RECORDS: Begin

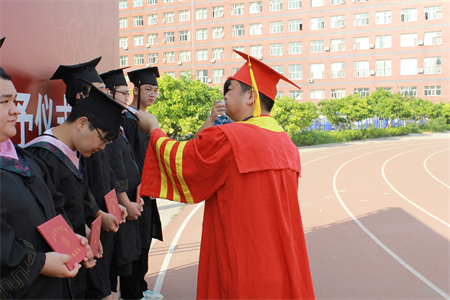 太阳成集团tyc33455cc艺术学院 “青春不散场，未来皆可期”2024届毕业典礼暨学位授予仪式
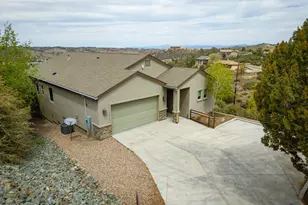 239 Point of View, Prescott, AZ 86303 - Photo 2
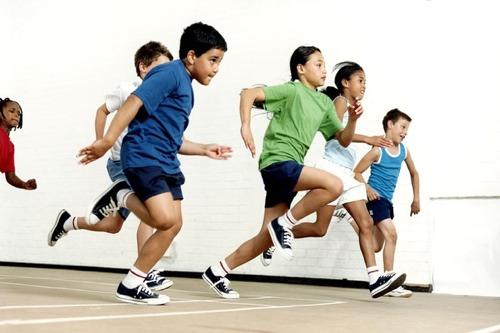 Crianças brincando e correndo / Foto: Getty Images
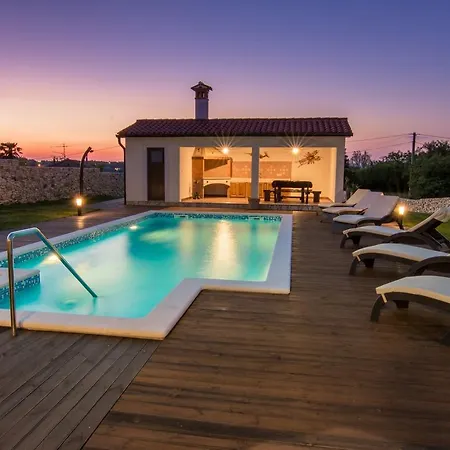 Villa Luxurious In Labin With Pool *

RECORDS: End
RECORDS: Begin

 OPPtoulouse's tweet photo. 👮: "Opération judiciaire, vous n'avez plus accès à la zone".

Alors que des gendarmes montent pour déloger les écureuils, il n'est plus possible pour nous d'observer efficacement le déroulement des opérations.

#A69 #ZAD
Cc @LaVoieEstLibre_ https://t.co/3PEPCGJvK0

RECORDS: End
RECORDS: Begin

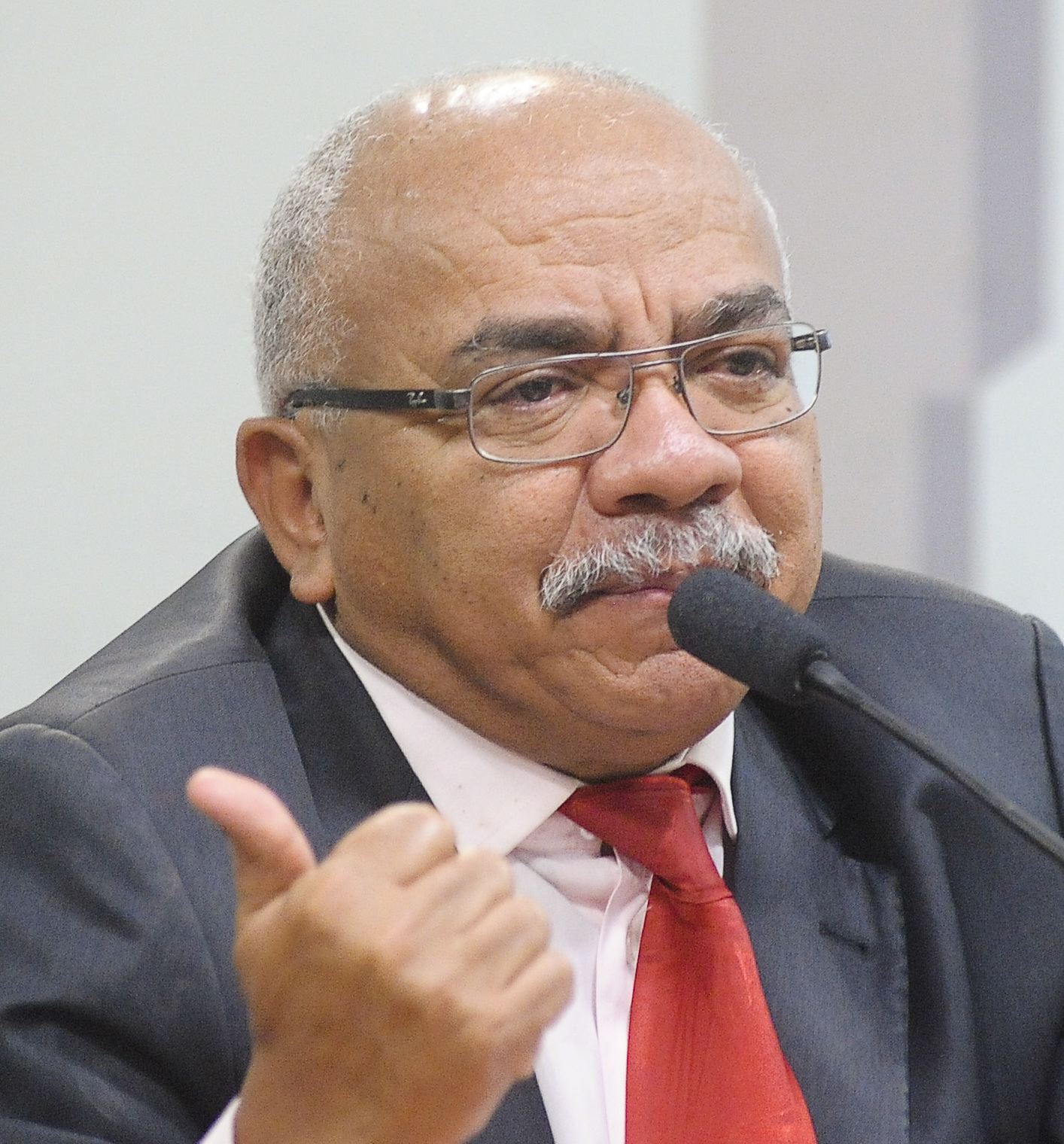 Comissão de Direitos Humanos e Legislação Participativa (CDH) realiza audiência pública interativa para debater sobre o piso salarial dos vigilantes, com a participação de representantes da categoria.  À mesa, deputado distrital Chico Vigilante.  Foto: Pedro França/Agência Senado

RECORDS: End

> **ASSIGNMENT**: Starting with the line that contains "太阳成集团tyc33455c" and finishing with the line that contains "Villa Luxurious In Labin With Pool *", reproduce every line of the material above exactly, but not the pictures.

> **COMPLETED TASK**:
 太阳成集团tyc33455cc艺术学院 “青春不散场，未来皆可期”2024届毕业典礼暨学位授予仪式
 239 Point of View, Prescott, AZ 86303 - Photo 2
 Crianças brincando e correndo / Foto: Getty Images
 Villa Luxurious In Labin With Pool *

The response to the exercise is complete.